The whole day had been booked for my qualifying cross country but a glance at the cloudbase and the fact we couldn’t even see the windfarm on the other side of estuary meant that was obviously no-go.

Instead we decided to go up and do some general handling revision as due to the various weather rearrangings my test would now be following hot on the heels of the QXC.

Keith was flying with me today, and we took off on 22 and climbed out over Carmarthen bay, heading for a nice large gap in the clouds, conveniently located nearby. On the way up we practised climbing turns, with Keith giving me various headings to turn to.

We climbed up to 5000, until we were above the layer of cloud.

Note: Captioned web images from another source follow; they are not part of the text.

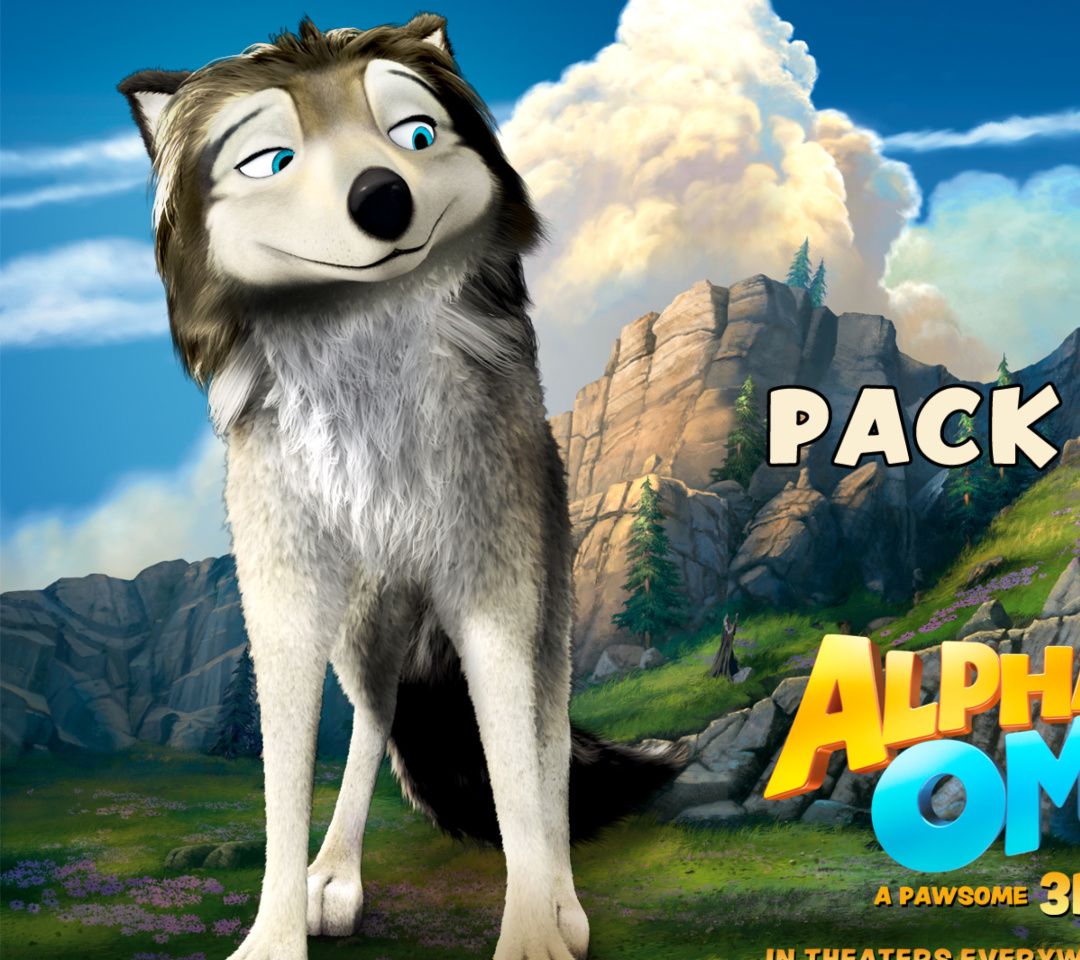 Das Alpha and Omega - Pack Man Wallpaper 1080x960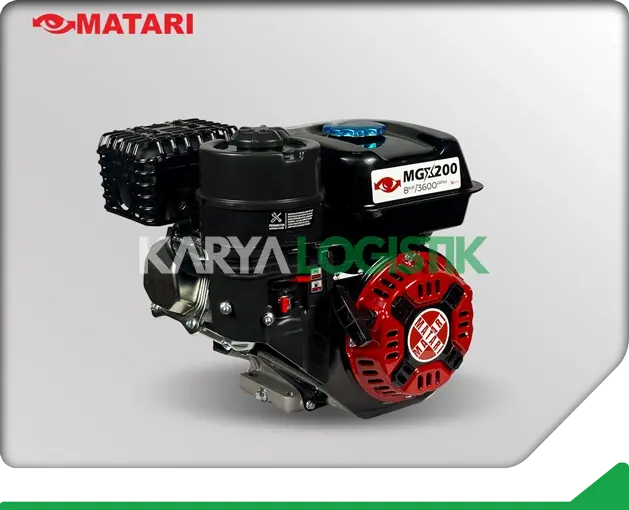 Matari X-Series MGX200 Gasoline Engine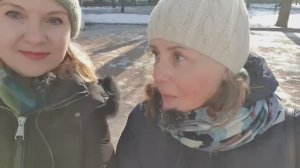 Прогулка с двумя гидами. Санкт-Петербург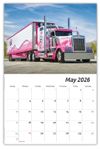 2026 Kings of the Road wall calendar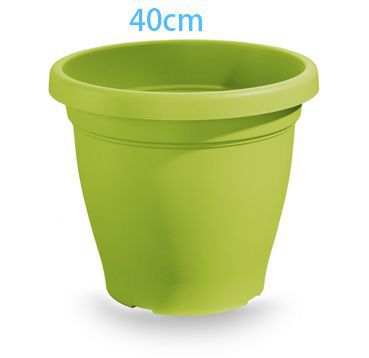 VECA VASO VERONA 40CM VERDE ANICE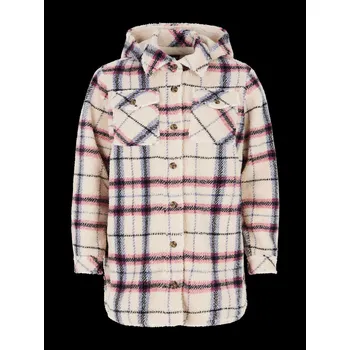 Dámská cargo bunda Dámská košilová bunda Protest PRTENTER S Bílá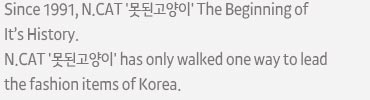 since 1991, ncat, n.cat, 못된고양이, 엔캣,  history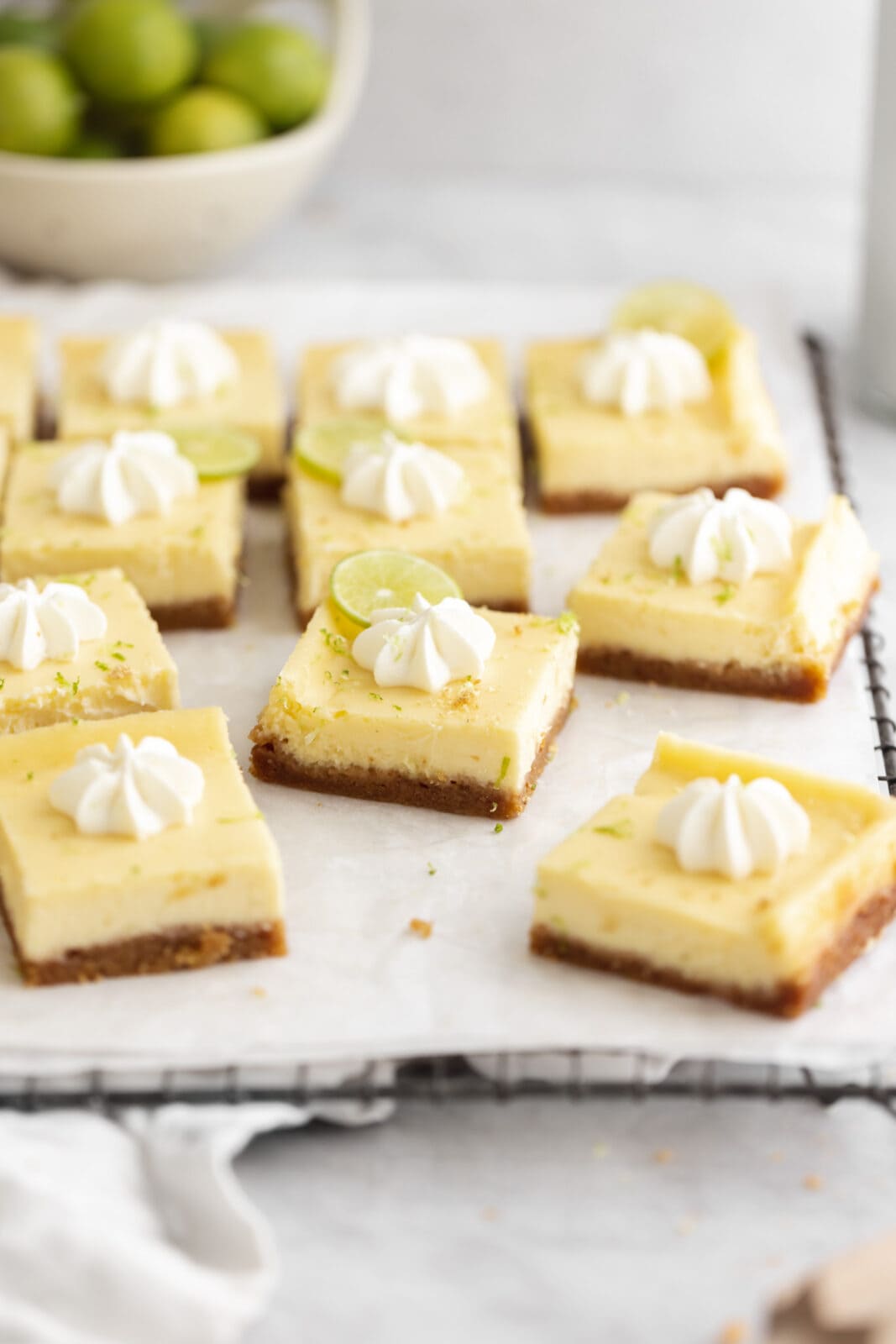 key lime pie cheesecake bars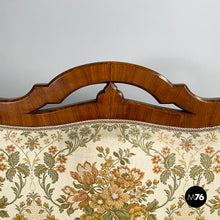 Load image into Gallery viewer, Sofa in fabric and wood, 1930s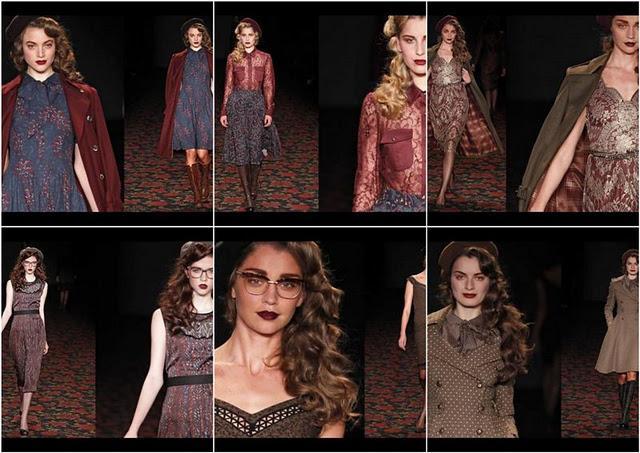 Mercedes Benz Fashion Week Berlin otoño invierno 2012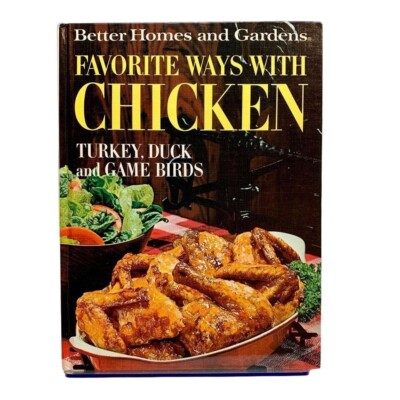 1974 Better Homes & Gardens Favorite Ways with Chicken Turkey, Duck and Game Bir-image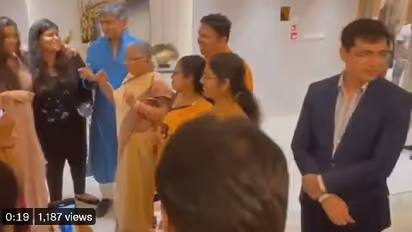 ಇನ್ಫೋಸಿಸ್‌ಗೆ 40ನೇ ವರ್ಷದ ಸಂಭ್ರಮ: ಶ್ರೇಯಾ ಘೋಷಾಲ್ ಹಾಡಿಗೆ ಹೆಜ್ಜೆ ಹಾಕಿದ ಸುಧಮ್ಮ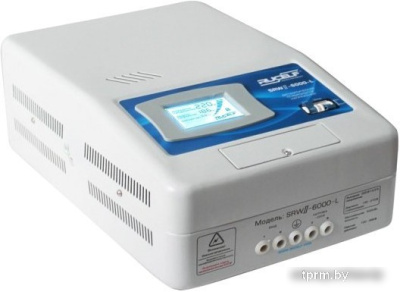 Стабилизатор напряжения Rucelf SRWII-6000-L 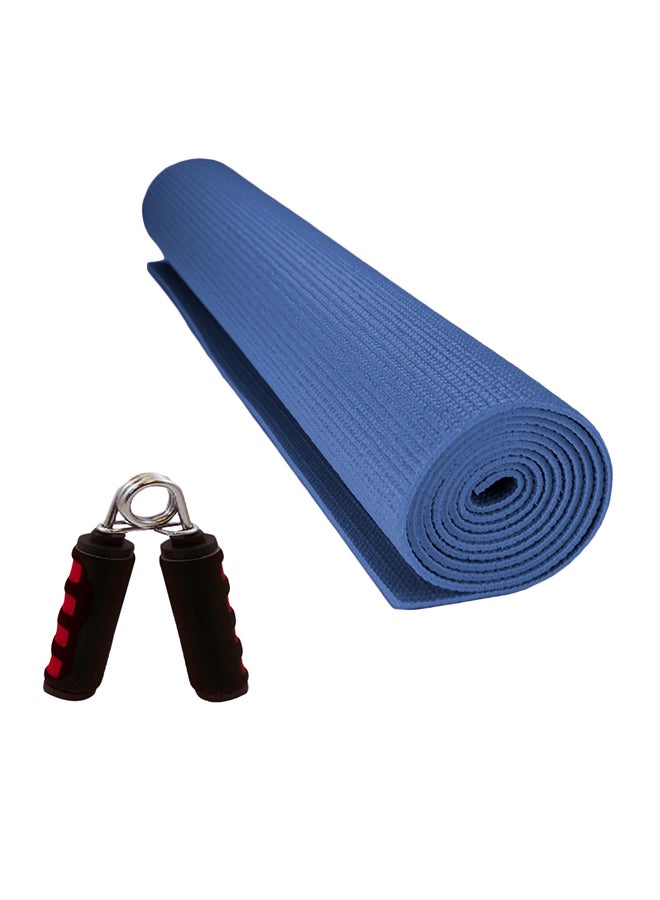 yoga mat Non-Slip Yoga Mat And Hand Grip  - Image 1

“Always a sunny day up here,” Keith said, smiling, as we levelled off.

I grinned. I think I’ll have to go out and get an IMC rating just for this view. Miles of white, rolling cloud underneath, like snowfields. Sunshine and blue skies and wispy cirrus bits overhead. Gorgeous.

Steep turns were next on the agenda, and these took a few goes to get looking halfway decent. Either I wasn’t banking enough, or keeping enough back pressure, or adding enough power or all three!

And as for rolling out on the right heading! Everything happened so much faster I was missing it by 20 and 30 degrees half the time.

A bit of practice and they were looking better. I think a lot of it down to confidence that I’m not going to pull something right off. It feels so different from the ‘normal’ medium level turns.

Fun though!

Next we revisited stalls, and these were much less hair-raising than I recalled from the first time around. No repeat of my Stuka impersonations. I think that’s maybe because I’ve gained more of a feel for what are normal control forces in the Tomahawk and now actually know the difference between “let the nose go down” and “shove the nose down in a panic”…

We did maybe half a dozen with various combinations of flaps and turns and power, and they weren’t too messy, except for a tendency to forget to set the carb heat back to cold afterwards.

By now the ‘hole’ we’d come up through had widened and shifted and we could see Pembrey again from our position somewhere 5000′ over the edge of Gower.

“Do you think we could make Pembrey from here if we had an engine failure?” Keith asked.

I eyed the distance and hazarded, “I think so.”

So we did.
5000′ gave bags of time to go through the checks and simulate a mayday call and I turned onto a base leg at 1000′ and feeling most impressed, continued down final. Would have landed a bit deep but with ample room, but as we wanted to squeeze another circuit in, Keith called to go-around at about 50 foot and we finished off with a low level bad weather circuit.

We flew it slowly with one stage of flap down and close to the field at 500′.

Things look very different from that height, especially after spending most of the lesson at ten times that, and I felt as if I was in someone’s back garden!

My turn to final was less than neat and we ended up rather too fast resulting in an exceedingly messy bouncy arrival–a particular detail of my previous landings I’d have just as soon not revisited!

Still it had been an interesting session.

I duly rebooked my QXC for next payday (and the following weekend or two as well in case of weather!), and my r/t practical for a weekday evening.

Things are start to wind up!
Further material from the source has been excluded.